◆ EXERCISE INSTRUCTIONS
Exact wording is needed for every line from the one holding "PURE MALINOIS PUPPIES 0" to the end of the records below; write those lines out and omit the pictures.

◆ SUPPLIED DATA
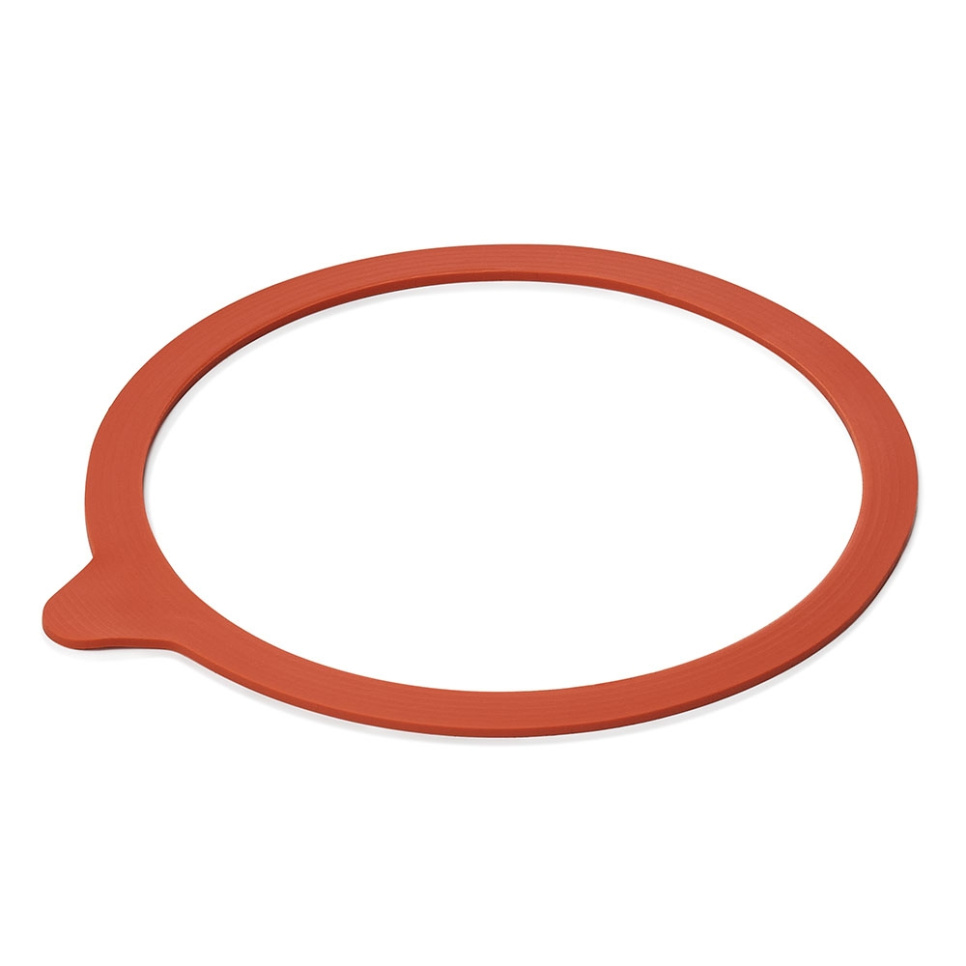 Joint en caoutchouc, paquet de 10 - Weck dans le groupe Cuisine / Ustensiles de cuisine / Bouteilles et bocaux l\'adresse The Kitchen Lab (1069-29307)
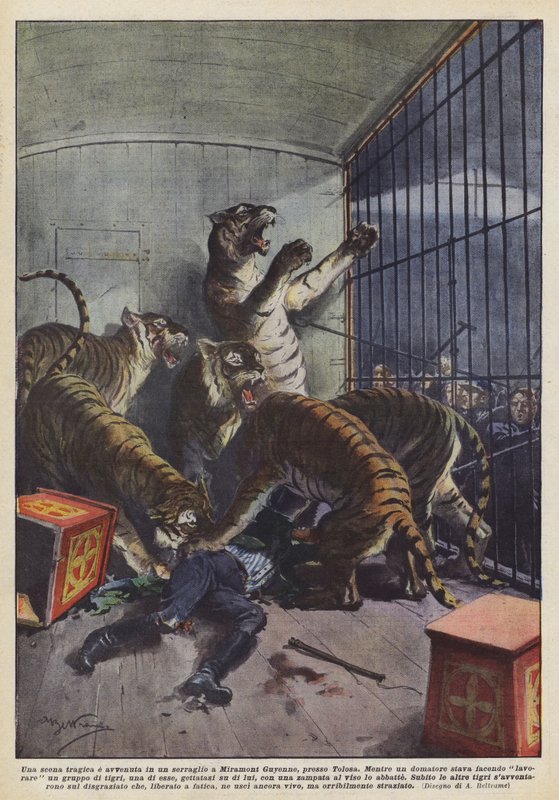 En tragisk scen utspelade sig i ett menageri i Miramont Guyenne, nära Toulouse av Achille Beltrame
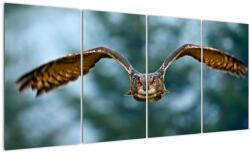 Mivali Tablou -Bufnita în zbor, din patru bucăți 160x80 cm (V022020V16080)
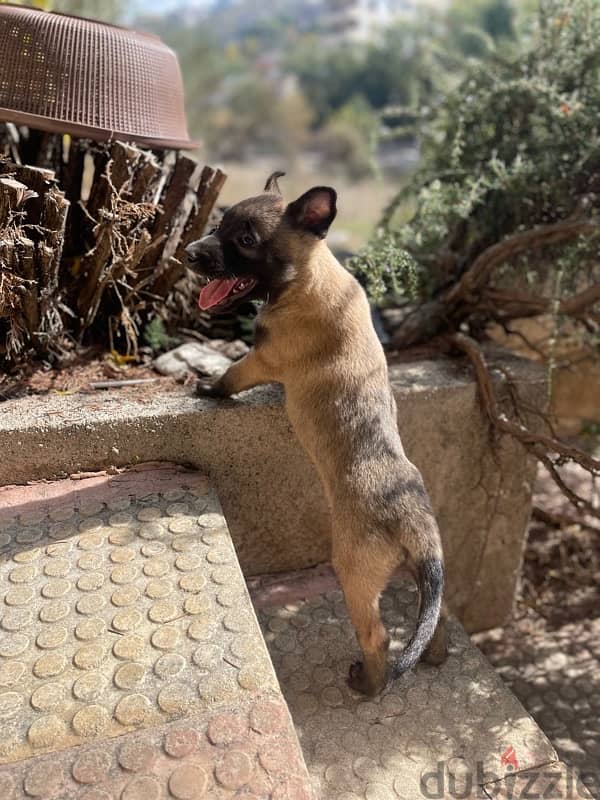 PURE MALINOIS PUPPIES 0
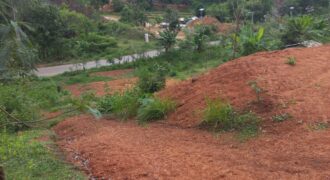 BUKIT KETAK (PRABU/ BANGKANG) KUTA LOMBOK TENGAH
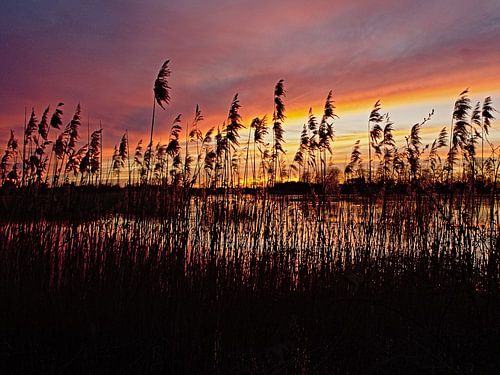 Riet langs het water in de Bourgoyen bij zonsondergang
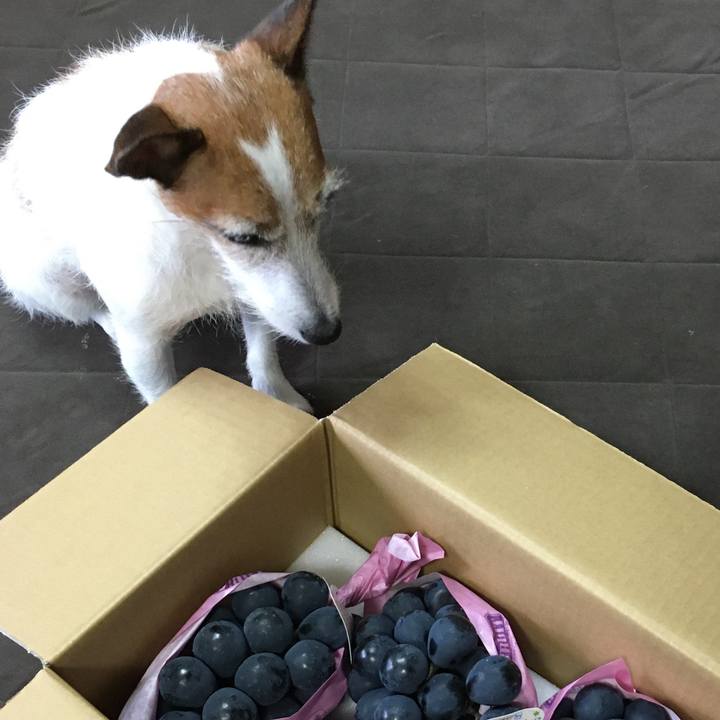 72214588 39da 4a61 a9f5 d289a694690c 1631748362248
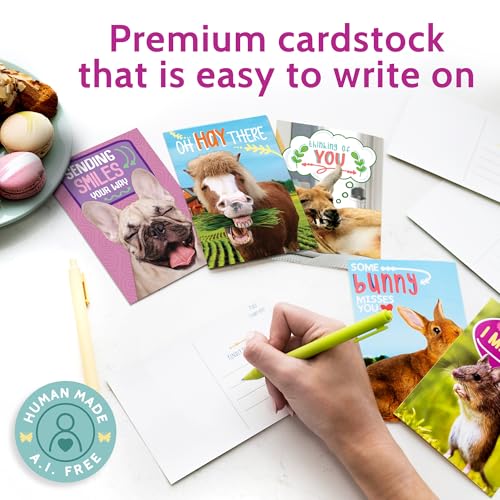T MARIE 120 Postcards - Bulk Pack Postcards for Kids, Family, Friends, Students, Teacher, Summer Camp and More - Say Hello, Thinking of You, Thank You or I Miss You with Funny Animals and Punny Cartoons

◆ RESPONSE AREA
 PURE MALINOIS PUPPIES 0
 BUKIT KETAK (PRABU/ BANGKANG) KUTA LOMBOK TENGAH
 Riet langs het water in de Bourgoyen bij zonsondergang
 72214588 39da 4a61 a9f5 d289a694690c 1631748362248
T MARIE 120 Postcards - Bulk Pack Postcards for Kids, Family, Friends, Students, Teacher, Summer Camp and More - Say Hello, Thinking of You, Thank You or I Miss You with Funny Animals and Punny Cartoons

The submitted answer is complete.